Thursday, January 20, 2011

Justice Challenge

I know that many of us were challenged by Ben Cooley's call last week, that justice should be at the centre of what it means to be church, rather than just an add on to what we do (Righteousness and justice are the foundation of your throne - Psalm 89:4).

I'd like to challenge you all with some reading which will help us think further about what that really means. In April 1963 Martin Luther King Jr. was arrested and put in jail for 11 days in Birmingham Alabama, for taking point in a non-violent protest against racial segregation by the city government and local shops.

On the 12th April 1963 eight local white clergymen wrote a letter, titled "A Call for Unity", which was published in a local newspaper criticising Martin Luther King and the protests. You can read their letter here - I'd encourage you to click on the link and read it as I think their attitude of "wait and hopefully it will get better" wouldn't be out of place in many church settings today.
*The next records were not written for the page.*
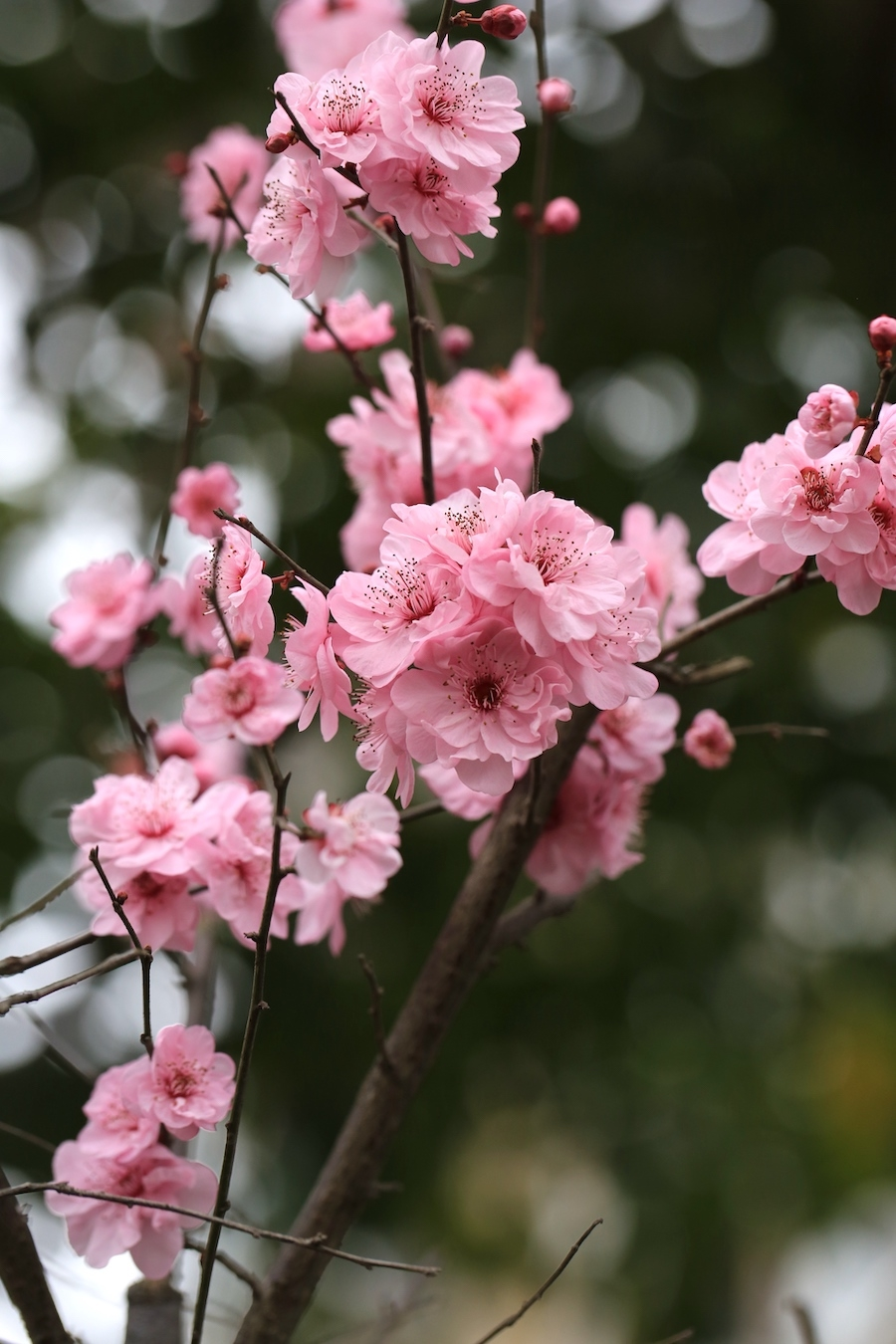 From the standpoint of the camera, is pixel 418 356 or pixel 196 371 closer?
A: pixel 418 356

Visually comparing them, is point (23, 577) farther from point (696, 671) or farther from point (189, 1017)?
point (696, 671)

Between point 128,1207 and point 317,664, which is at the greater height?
point 317,664

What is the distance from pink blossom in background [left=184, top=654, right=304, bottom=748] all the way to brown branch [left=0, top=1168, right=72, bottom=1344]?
32 centimetres

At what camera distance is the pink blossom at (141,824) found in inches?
31.8

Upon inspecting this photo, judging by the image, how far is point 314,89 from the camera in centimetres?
71

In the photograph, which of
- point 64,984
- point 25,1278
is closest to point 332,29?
point 64,984

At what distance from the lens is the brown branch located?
2.34 feet

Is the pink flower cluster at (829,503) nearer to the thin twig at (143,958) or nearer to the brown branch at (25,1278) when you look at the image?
the thin twig at (143,958)

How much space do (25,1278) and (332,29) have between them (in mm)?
1332

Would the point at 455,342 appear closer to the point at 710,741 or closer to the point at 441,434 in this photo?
the point at 441,434

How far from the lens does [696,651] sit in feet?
7.53

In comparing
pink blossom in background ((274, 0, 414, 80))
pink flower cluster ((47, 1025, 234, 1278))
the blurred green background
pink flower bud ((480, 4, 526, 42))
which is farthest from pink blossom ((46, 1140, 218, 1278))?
the blurred green background

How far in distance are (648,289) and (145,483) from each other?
129 cm

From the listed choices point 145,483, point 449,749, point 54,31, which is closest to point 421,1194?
point 145,483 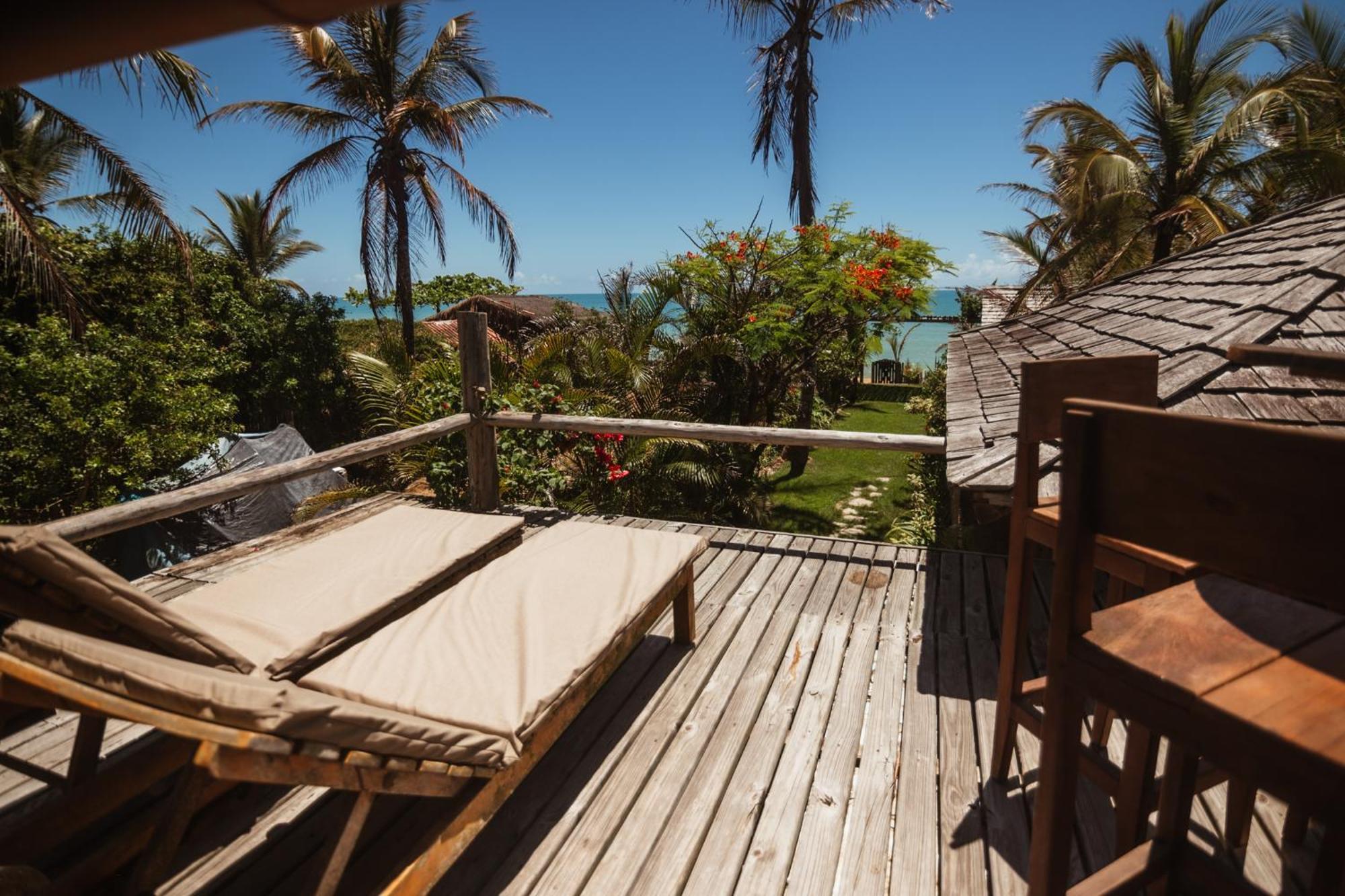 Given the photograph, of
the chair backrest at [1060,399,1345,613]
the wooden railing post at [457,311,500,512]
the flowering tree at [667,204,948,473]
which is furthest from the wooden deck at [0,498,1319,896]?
the flowering tree at [667,204,948,473]

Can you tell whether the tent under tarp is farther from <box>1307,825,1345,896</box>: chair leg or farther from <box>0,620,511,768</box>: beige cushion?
<box>1307,825,1345,896</box>: chair leg

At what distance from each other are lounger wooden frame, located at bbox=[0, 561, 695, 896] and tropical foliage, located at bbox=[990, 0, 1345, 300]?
12.4 meters

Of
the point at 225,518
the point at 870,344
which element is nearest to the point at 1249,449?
the point at 870,344

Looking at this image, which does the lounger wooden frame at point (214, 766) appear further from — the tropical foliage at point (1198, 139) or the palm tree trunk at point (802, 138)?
the tropical foliage at point (1198, 139)

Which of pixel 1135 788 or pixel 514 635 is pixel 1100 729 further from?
pixel 514 635

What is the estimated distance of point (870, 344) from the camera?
422 inches

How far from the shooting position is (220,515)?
33.2 ft

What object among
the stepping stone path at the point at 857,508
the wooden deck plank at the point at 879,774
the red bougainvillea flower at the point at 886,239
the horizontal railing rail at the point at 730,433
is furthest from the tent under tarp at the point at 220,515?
the red bougainvillea flower at the point at 886,239

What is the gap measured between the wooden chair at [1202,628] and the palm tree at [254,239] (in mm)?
28392

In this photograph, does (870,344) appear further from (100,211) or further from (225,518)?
(100,211)

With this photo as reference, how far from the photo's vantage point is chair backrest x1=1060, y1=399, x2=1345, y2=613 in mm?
797

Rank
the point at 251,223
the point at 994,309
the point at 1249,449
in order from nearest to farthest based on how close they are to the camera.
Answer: the point at 1249,449 < the point at 994,309 < the point at 251,223

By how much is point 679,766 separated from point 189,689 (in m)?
1.68

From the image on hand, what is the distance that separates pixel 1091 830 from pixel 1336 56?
1853cm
On the 16th April Martin Luther King wrote a response, which is just an incredibly masterly defence of his actions and the reasoning behind them (all the more incredible considering it was written whilst he was still in jail). You can read it here. Please take time to read it slowly and thoughtfully and follow his train of thought. Some of the quotes which really grabbed me:

We must come to see, with one of our distinguished jurists, that "justice too long delayed is justice denied."

So the question is not whether we will be extremists, but what kind of extremists we will be. Will we be extremists for hate or for love? Will we be extremists for the preservation of injustice or for the extension of justice?

I have watched many churches commit themselves to a completely other worldly religion which makes a strange, unBiblical distinction between body and soul, between the sacred and the secular.

 In those days the church was not merely a thermometer that recorded the ideas and principles of popular opinion; it was a thermostat that transformed the morals of society. 

We are called to love God not just with our heart, soul and strength but also with our minds. I encourage you to stretch yourself a bit, read what Martin Luther King had to write and think about what he has to say for us tackling injustice today. I'd love to hear your comments.